Under an agreement that came into force on January 1, Coles and Woolworths have capped their discount offers to 4c a litre. It followed an investigation by the Australian Competition and Consumer Commission that raised concerns that the shopper docket deals, cross-subsidised by supermarket profits, could distort the market and increase the general fuel price.
Some older dockets do not expire until February but an ACCC spokesman yesterday said the 4c cap should start to have an impact in the next few weeks.
Geoff Trotter, general manager of petrol price monitor Fueltrac, said the onus was now on the independents.

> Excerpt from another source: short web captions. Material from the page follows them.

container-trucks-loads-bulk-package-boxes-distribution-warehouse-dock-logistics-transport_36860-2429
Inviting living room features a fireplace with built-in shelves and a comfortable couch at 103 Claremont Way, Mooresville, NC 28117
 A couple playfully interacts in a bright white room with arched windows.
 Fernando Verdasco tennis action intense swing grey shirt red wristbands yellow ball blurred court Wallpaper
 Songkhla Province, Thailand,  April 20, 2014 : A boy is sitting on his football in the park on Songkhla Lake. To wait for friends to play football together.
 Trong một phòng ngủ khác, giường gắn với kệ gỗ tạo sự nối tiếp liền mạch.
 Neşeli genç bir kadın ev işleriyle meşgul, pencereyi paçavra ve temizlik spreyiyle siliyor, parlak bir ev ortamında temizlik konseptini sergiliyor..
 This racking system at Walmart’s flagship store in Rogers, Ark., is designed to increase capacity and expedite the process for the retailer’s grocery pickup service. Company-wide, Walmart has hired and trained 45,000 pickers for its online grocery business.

“Let’s see some competition,” he said. “It’s time the independents put up or shut up.
“They now have the more level playing field they have been calling for years. The size of the margins means there’s plenty of room for serious competition in offering lower prices to motorists.
“We reckon they have been crying crocodile tears to some extent while enjoying the higher margins. Now we will see.”
RACQ spokeswoman Renee Smith blamed “greedy” retailers, saying drivers were paying the price of a greater concentration of market power by services stations owned by Coles and Woolworths. The supermarket chains, however, said they simply followed the market trend and the increases were driven by factors such as high international oil prices and a weaker Aussie dollar.
Service stations’ profit margins on pump prices have increased from 4c a litre a decade ago to 10c now, with wholesale margins adding another 9.4c a litre.
The price rises come as BP and Shell are both considering plans to sell their Australian petrol stations and refineries as they shift their focus to exploration and production, according to market speculation.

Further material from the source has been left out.